▸ **Assigned task**
An exact transcription of all the data is required, with every image removed.

------------------------------------------------------------------------

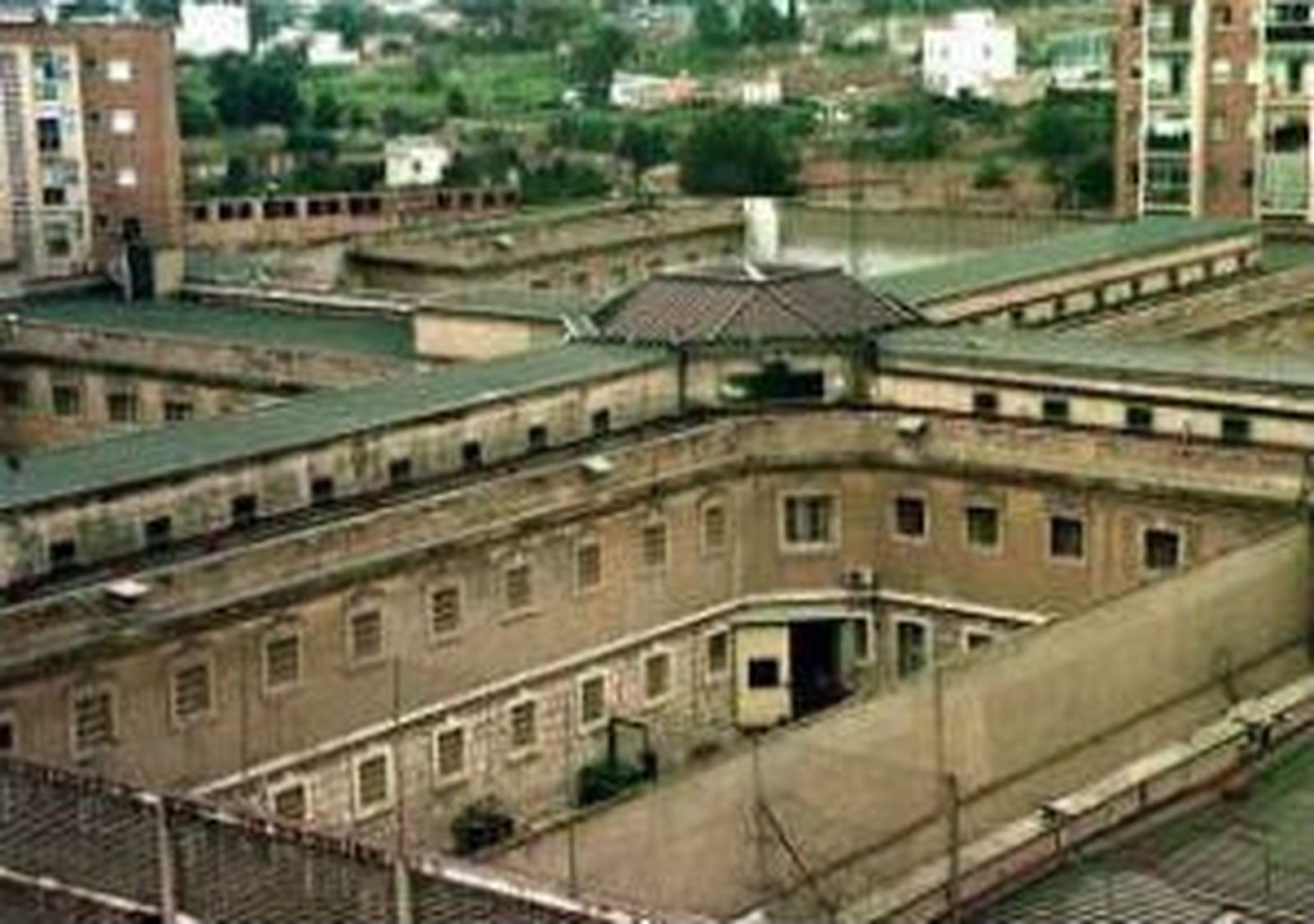 Dos presos se fugan de la cárcel  de Tarragona y otro es detenido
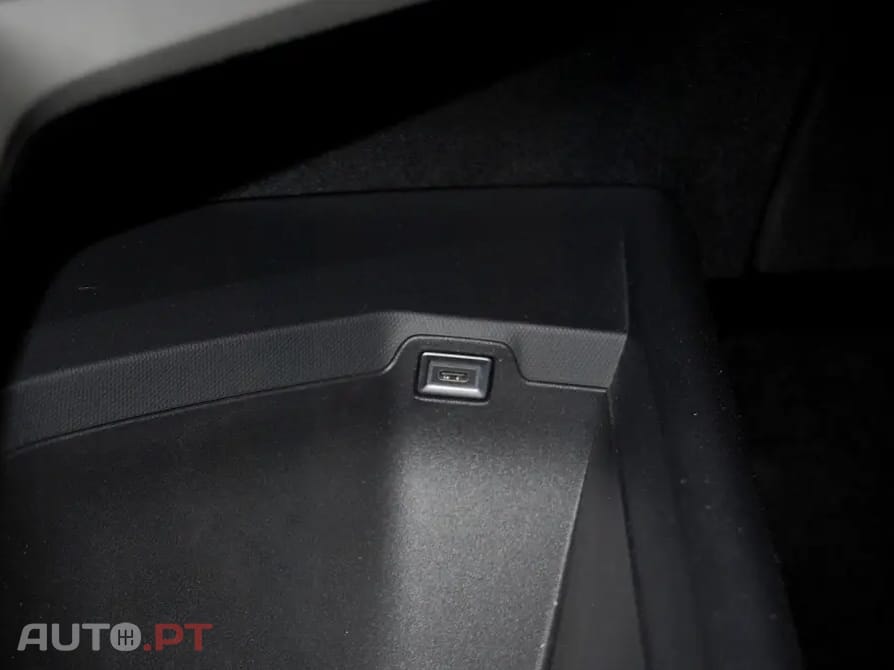 Peugeot 5008 1.2 Hybrid Allure e-DCS6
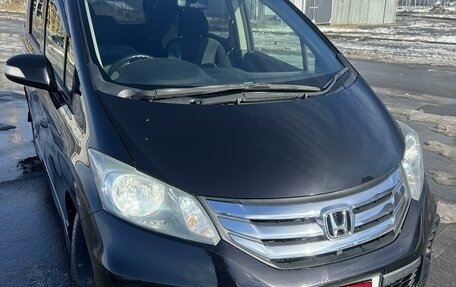 Honda Freed I, 2012 год, 1 385 000 рублей, 6 фотография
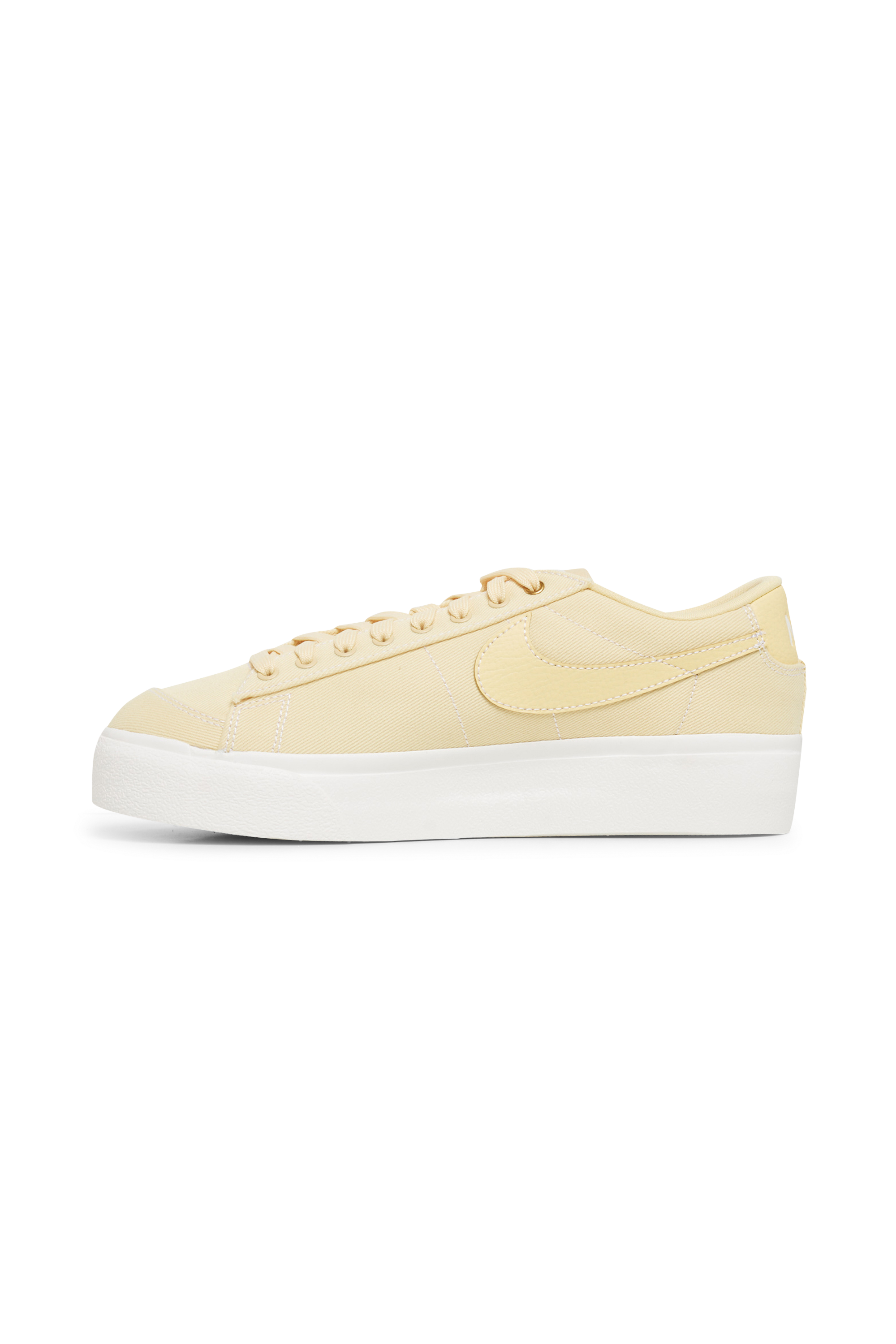NIKE Baskets BLAZER LOW PLATFORM CNVS Beige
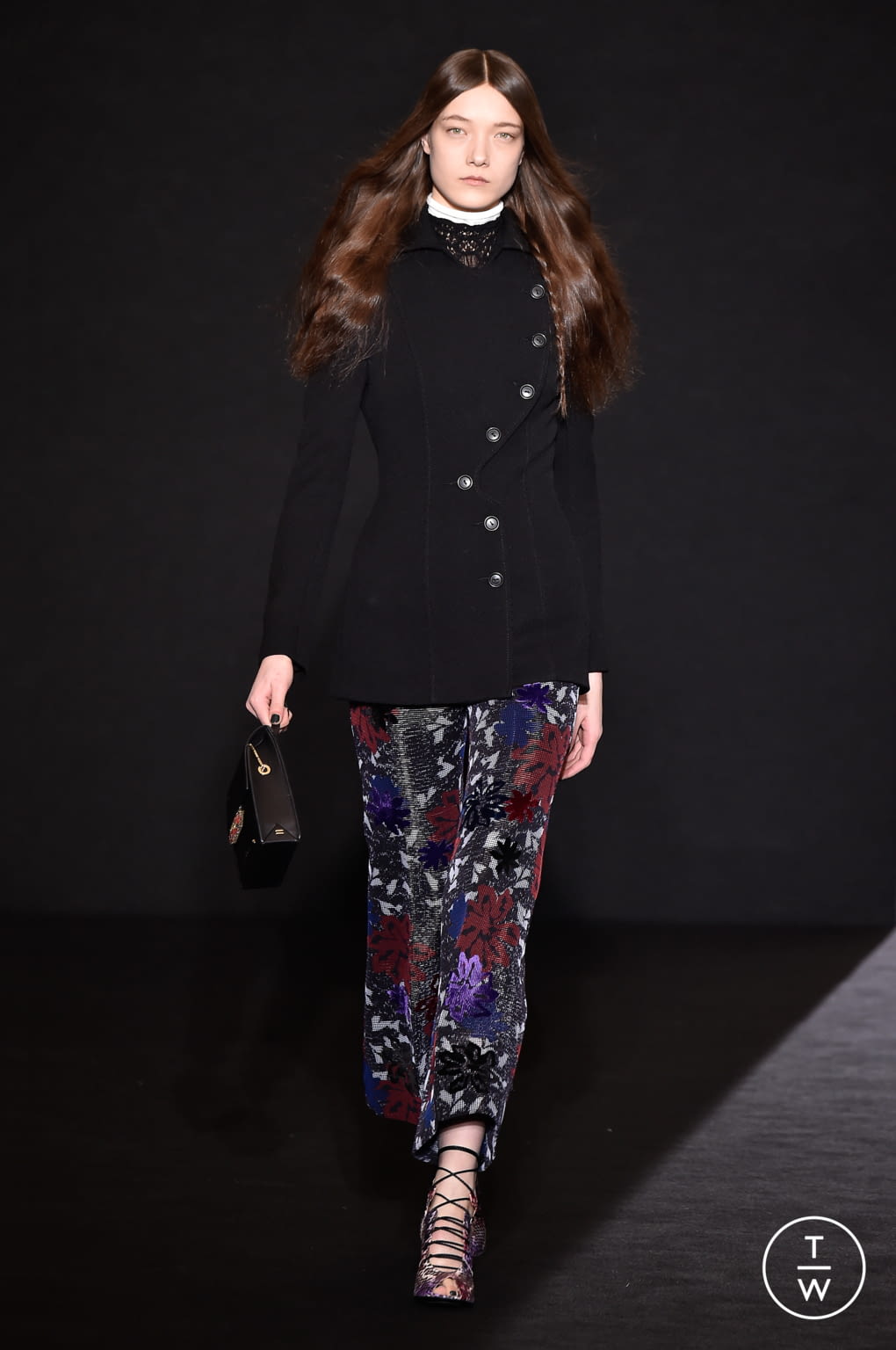 Fashion Week Paris Fall/Winter 2016 look 10 de la collection Roland Mouret womenswear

------------------------------------------------------------------------

▸ **Finished task**
 Dos presos se fugan de la cárcel  de Tarragona y otro es detenido
 Peugeot 5008 1.2 Hybrid Allure e-DCS6
 Honda Freed I, 2012 год, 1 385 000 рублей, 6 фотография
NIKE Baskets BLAZER LOW PLATFORM CNVS Beige
 Fashion Week Paris Fall/Winter 2016 look 10 de la collection Roland Mouret womenswear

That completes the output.